Walgreens and CVS plan to provide abortion pills following the Food and Drug Administrations rule change that broadens availability for the pills.
The Biden administration partially implemented the change last year, announcing it would no longer enforce a long-standing requirement that women pick up the medicine in person. Tuesday’s action formally updates the drug’s labeling to allow many more retail pharmacies to dispense the pills, so long as they complete a certification process.
In a statement, Walgreens said it intends to become a certified pharmacy under the program.
“We are working through the registration, necessary training of our pharmacists, as well as evaluating our pharmacy network in terms of where we normally dispense products that have extra FDA requirements and will dispense these consistent with federal and state laws,” Walgreens stated.
The rule change’s impact has been blunted by numerous state laws limiting abortion broadly and the pills specifically.
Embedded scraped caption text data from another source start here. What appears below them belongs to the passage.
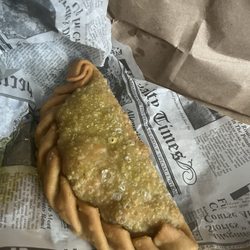 Beef Empana, they do have chicken or pizza. Like a small calzone?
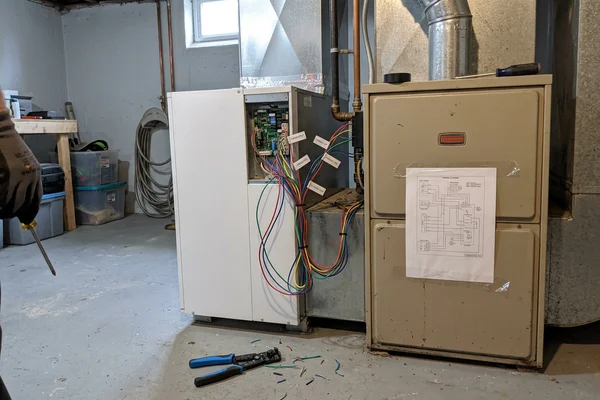 Indoor air handler paired with a gas furnace in a dual-fuel configuration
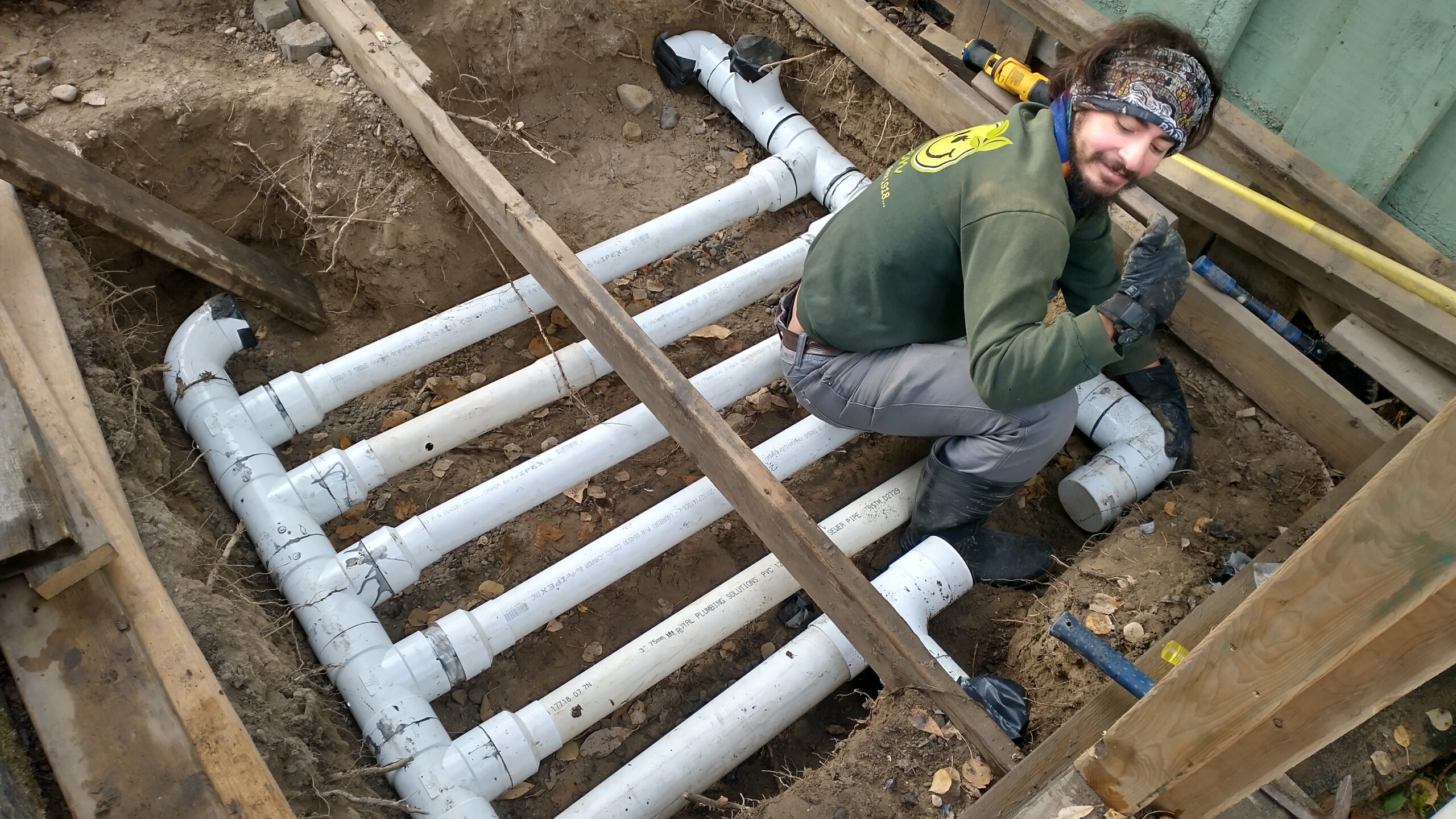 Field technician installing perforated sewer pipe  to allow solar heat to be blown and stored underground with insulation cover.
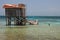 Cabins on stilts on the small island of Tobacco Caye, Belize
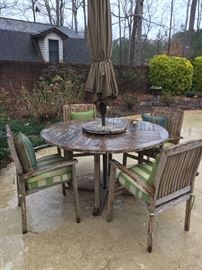 Teak patio furniture.  Table with lazy susan, umbrella and four chairs.  Two additional chairs & side table also available.  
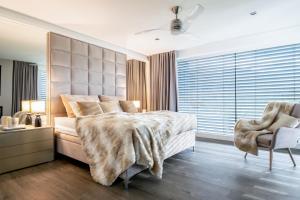 Ένα ή περισσότερα κρεβάτια σε δωμάτιο στο SUPERVILLA Liptov +63 φωτογραφίες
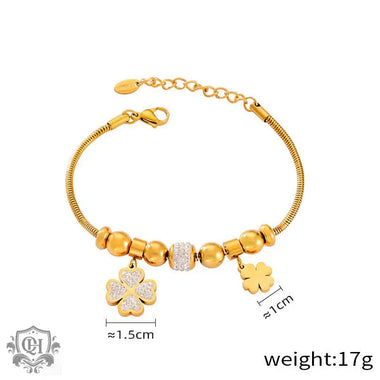 Gold-toned 18K Gold jewelry set featuring lucky four-leaf clover and heart charms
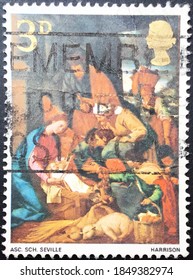 London, circa 1967: Used English postage stamp dedicated to Christmas depicting The Adoration of the Shepherds.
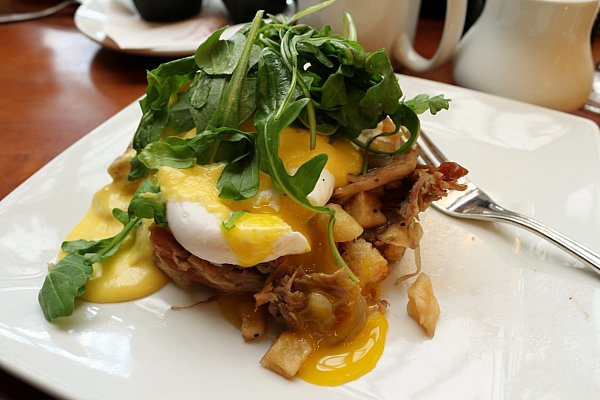 a closeup of pulled pork hash topped with a poached egg with yolk oozing out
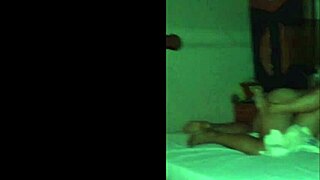 A housewife gets satisfied by two young men’s penises in a group sex scene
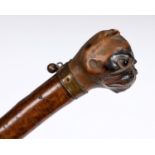 An Arts and Craft shoehorn, the handle carved a bulldogs head, with gilt metal collar and bell, 33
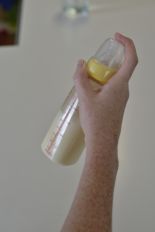 Someone shaking a bottle to mix the infant formula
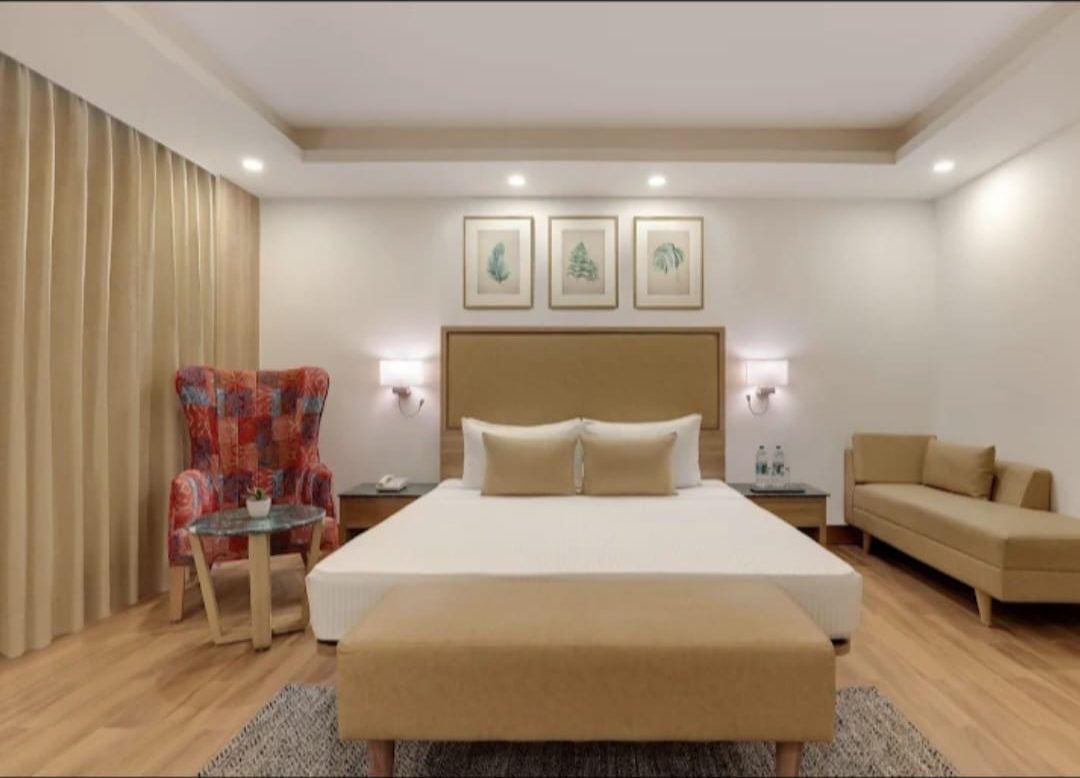 Hotel guest room with an upholstered bed-end bench, patchwork wingback armchair and a daybed sofa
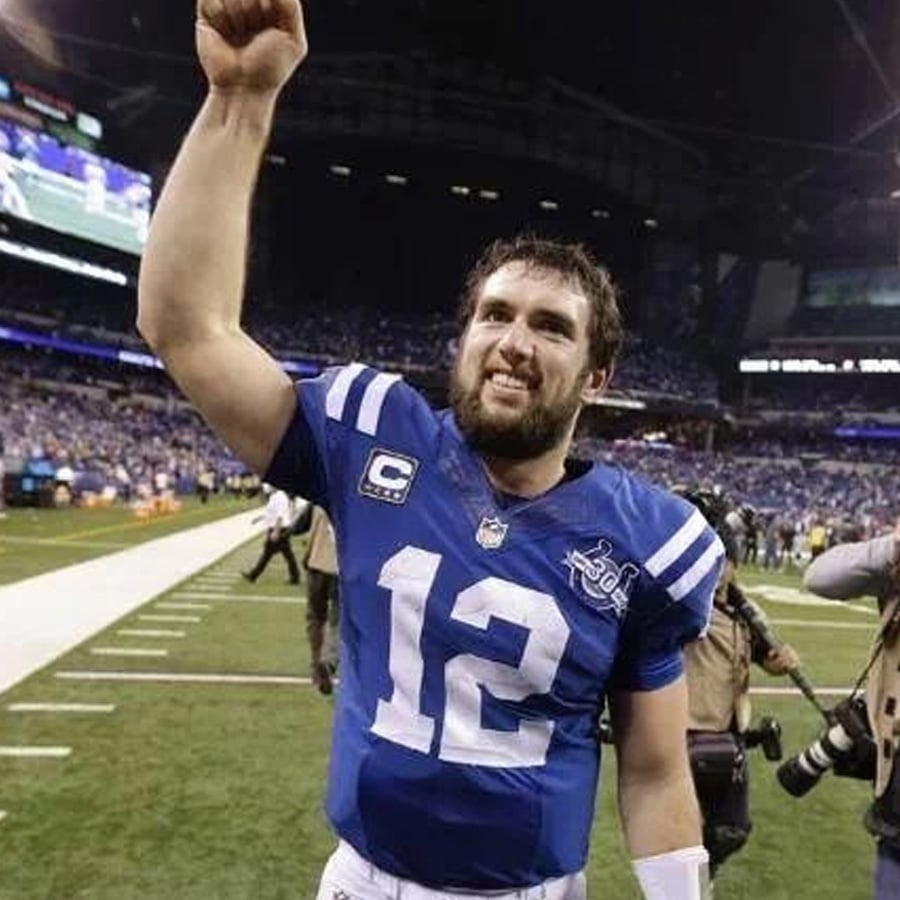 A football player wearing a blue jersey with the number 12 smiles and raises his right arm while standing on a football field, with a stadium and crowd in the background.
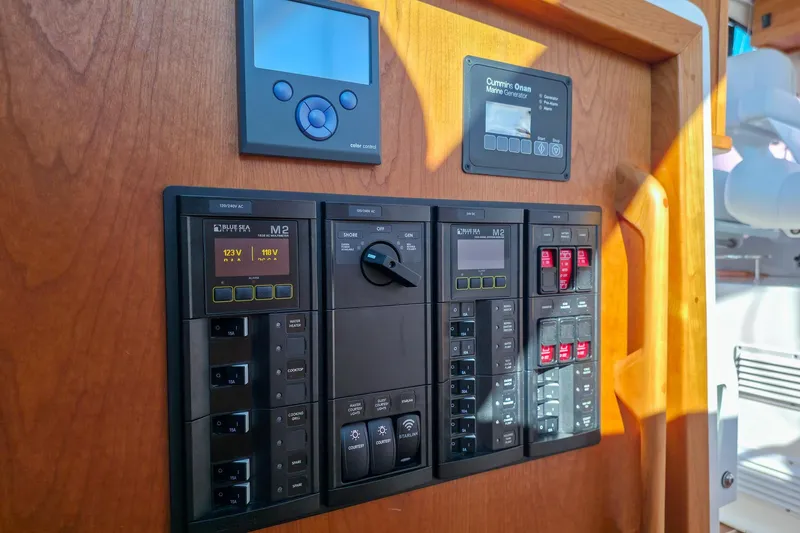 Slide: The Image of Electrical control panel on a 2026 Back Cove 412 boat, featuring various switches and displays. - 31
Legal experts foresee years of court battles over access to the pills, as abortion-rights proponents bring test cases to challenge state restrictions.
CVS said it plans to seek certification after reviewing the FDA’s updated Risk Evaluation and Mitigation Strategy drug safety program for mifepristone, the generic name of the drug.
“We plan to seek certification to dispense mifepristone where legally permissible following that review,” CVS said in a statement.
For more than 20 years, the FDA labeling had limited dispensing to a subset of specialty offices and clinics, due to safety concerns. During the COVID-19 pandemic, the FDA temporarily suspended the in-person requirement. The agency later said a new scientific review by agency staff supported easing access, concurring with numerous medical societies that had long said the restriction wasn’t necessary.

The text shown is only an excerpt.